Sauf si vous avez passé les derniers mois dans une caverne, vous avez surement entendu parler des molécules comme Ozempic. Ce sont des médicaments pour perdre du poids, normalement réservés aux personnes diabétiques et obèses. Sauf qu’eux n’en trouvent parfois plus, parce que d’autres s’arrachent ces molécules plus chères que l’or afin de perdre quelques kilos pour la plage. Ces derniers mois, j’ai plongé corps et âme dans cette innovation, pour vous raconter cette histoire de Nobel, de milliards, de tripes, et même de monstres.

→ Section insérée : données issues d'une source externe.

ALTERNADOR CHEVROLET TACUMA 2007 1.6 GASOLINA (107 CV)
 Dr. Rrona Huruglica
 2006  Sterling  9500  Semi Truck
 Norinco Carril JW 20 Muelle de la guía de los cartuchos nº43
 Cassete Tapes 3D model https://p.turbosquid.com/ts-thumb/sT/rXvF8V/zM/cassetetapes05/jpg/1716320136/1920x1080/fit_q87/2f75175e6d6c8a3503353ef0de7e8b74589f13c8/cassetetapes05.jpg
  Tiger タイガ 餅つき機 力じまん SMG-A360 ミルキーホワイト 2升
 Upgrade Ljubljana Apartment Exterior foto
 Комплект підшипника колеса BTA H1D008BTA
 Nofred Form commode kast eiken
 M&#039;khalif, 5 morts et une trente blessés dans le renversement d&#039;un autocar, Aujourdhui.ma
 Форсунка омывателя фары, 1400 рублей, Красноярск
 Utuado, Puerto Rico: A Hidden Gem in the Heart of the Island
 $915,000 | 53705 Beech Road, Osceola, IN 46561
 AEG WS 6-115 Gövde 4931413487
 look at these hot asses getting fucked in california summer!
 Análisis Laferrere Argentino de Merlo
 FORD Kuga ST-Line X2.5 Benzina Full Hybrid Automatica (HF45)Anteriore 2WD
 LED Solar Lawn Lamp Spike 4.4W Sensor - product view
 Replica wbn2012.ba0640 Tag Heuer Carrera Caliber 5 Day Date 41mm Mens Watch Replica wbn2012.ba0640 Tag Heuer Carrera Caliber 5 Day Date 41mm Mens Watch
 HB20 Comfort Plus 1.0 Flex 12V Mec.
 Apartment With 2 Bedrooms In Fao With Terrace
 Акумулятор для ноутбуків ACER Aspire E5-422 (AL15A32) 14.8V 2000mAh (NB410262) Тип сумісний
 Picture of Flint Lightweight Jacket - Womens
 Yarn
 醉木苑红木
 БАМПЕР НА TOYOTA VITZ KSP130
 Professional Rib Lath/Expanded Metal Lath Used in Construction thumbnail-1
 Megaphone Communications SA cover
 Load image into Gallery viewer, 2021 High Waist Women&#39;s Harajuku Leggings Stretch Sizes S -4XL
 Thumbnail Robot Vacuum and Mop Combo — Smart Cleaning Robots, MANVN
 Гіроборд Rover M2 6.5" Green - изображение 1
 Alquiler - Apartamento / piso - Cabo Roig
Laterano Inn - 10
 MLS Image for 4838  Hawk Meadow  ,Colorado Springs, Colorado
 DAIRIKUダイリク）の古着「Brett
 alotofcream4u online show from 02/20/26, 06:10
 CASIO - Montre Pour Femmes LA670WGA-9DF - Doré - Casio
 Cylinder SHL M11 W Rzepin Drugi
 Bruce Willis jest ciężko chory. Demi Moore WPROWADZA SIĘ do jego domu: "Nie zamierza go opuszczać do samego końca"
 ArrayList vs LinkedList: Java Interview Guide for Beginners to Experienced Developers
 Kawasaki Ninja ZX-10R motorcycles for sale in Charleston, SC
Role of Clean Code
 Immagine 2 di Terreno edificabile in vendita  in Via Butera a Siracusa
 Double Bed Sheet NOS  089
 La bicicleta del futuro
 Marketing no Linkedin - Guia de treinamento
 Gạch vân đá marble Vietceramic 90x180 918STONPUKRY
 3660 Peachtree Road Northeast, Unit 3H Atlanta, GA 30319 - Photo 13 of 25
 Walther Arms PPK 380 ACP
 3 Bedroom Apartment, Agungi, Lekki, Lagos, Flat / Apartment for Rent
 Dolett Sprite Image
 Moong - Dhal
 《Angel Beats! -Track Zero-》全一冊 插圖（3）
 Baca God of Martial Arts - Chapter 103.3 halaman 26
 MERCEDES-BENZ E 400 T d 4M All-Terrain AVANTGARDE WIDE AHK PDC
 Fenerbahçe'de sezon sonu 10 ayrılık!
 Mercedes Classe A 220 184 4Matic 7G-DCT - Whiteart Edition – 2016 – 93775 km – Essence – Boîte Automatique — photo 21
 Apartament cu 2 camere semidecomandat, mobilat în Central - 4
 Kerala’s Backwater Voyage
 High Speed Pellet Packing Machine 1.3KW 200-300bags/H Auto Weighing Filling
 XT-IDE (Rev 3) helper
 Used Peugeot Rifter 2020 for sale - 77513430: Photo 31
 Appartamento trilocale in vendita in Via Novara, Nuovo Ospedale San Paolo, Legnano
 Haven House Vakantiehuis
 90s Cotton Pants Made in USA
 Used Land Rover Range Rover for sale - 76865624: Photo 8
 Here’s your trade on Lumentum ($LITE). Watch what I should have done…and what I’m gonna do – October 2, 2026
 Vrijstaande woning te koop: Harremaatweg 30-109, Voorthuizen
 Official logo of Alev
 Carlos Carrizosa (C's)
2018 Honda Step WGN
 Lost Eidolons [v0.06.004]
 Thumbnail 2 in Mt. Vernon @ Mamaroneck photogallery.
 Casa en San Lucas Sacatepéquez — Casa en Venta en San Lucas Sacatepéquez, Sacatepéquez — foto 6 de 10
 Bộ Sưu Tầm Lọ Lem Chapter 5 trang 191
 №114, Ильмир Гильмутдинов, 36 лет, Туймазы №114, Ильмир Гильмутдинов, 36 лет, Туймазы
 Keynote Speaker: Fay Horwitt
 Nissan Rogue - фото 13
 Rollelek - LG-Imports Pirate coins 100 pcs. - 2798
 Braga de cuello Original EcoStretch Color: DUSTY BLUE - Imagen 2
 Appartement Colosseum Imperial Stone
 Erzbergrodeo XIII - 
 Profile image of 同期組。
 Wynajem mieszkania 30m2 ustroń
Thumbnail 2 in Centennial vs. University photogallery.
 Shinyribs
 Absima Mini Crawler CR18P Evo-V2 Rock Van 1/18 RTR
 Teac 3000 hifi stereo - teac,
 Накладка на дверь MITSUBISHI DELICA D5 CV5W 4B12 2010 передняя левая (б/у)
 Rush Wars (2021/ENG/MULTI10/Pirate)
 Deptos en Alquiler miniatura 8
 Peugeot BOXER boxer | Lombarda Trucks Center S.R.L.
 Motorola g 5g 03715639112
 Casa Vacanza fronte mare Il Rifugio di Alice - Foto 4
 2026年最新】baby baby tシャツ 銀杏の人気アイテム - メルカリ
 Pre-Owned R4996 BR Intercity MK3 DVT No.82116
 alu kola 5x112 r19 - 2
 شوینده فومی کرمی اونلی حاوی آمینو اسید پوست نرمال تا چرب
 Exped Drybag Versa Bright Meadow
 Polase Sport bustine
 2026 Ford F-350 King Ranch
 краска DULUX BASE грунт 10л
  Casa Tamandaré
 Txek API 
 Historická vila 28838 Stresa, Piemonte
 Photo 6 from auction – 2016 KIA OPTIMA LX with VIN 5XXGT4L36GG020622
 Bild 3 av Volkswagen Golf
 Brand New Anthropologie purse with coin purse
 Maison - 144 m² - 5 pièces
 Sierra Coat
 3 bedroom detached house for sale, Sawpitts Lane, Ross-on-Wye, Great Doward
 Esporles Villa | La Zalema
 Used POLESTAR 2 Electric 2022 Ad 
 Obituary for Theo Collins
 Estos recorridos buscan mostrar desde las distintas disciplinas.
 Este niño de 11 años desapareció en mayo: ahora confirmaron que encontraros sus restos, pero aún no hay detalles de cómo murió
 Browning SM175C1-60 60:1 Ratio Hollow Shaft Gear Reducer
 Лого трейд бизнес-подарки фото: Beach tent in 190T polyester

Sur Instagram ou Tik Tok, les filtres destinés à rendre nos selfies plus sexy ne comportent pas la fonction obésité. Normal, puisque notre société tend à stigmatiser les gros et même à cacher les très gros.

Par son travail, l’artiste-photographe turque Meltem Işık, qui illustre notre Exploration «Minceur sur ordonnance», nous tend un miroir différent. Dans son objectif, la grosseur des corps devient beauté. Elle nous renvoie en pleine figure nos biais stigmatisants à l’égard de ceux qui sont en surpoids. Nous rappelle qu’il existe d’autres esthétiques: avant les mannequins anorexiques, il y a eu Rubens.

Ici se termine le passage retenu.